TASK PROMPT
Transcribe each entry so that it matches the original exactly.
*** Opening AVAILABLE RECORDS ***
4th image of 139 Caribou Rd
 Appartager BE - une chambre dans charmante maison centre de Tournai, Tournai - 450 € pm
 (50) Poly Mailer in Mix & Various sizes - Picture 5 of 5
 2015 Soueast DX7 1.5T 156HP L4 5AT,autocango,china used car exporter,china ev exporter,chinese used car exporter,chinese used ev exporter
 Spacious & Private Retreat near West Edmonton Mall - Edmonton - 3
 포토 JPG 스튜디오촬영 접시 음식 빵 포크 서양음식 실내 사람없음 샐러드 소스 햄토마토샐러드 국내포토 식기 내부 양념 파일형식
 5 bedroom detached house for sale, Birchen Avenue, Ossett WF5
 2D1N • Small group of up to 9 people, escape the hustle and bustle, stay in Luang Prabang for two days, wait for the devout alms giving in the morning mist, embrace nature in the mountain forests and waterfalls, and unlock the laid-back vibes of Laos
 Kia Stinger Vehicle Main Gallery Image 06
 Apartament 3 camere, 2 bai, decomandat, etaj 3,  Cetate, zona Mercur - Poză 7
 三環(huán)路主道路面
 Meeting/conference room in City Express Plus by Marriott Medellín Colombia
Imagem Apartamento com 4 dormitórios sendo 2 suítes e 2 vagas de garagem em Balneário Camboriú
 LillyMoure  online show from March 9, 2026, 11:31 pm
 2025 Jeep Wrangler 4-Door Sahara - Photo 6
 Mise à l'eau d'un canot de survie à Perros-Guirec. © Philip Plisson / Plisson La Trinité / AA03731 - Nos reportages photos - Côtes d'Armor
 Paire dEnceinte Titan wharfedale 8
*** Closing AVAILABLE RECORDS ***
TASK ANSWER
4th image of 139 Caribou Rd
 Appartager BE - une chambre dans charmante maison centre de Tournai, Tournai - 450 € pm
 (50) Poly Mailer in Mix & Various sizes - Picture 5 of 5
 2015 Soueast DX7 1.5T 156HP L4 5AT,autocango,china used car exporter,china ev exporter,chinese used car exporter,chinese used ev exporter
 Spacious & Private Retreat near West Edmonton Mall - Edmonton - 3
 포토 JPG 스튜디오촬영 접시 음식 빵 포크 서양음식 실내 사람없음 샐러드 소스 햄토마토샐러드 국내포토 식기 내부 양념 파일형식
 5 bedroom detached house for sale, Birchen Avenue, Ossett WF5
 2D1N • Small group of up to 9 people, escape the hustle and bustle, stay in Luang Prabang for two days, wait for the devout alms giving in the morning mist, embrace nature in the mountain forests and waterfalls, and unlock the laid-back vibes of Laos
 Kia Stinger Vehicle Main Gallery Image 06
 Apartament 3 camere, 2 bai, decomandat, etaj 3,  Cetate, zona Mercur - Poză 7
 三環(huán)路主道路面
 Meeting/conference room in City Express Plus by Marriott Medellín Colombia
Imagem Apartamento com 4 dormitórios sendo 2 suítes e 2 vagas de garagem em Balneário Camboriú
 LillyMoure  online show from March 9, 2026, 11:31 pm
 2025 Jeep Wrangler 4-Door Sahara - Photo 6
 Mise à l'eau d'un canot de survie à Perros-Guirec. © Philip Plisson / Plisson La Trinité / AA03731 - Nos reportages photos - Côtes d'Armor
 Paire dEnceinte Titan wharfedale 8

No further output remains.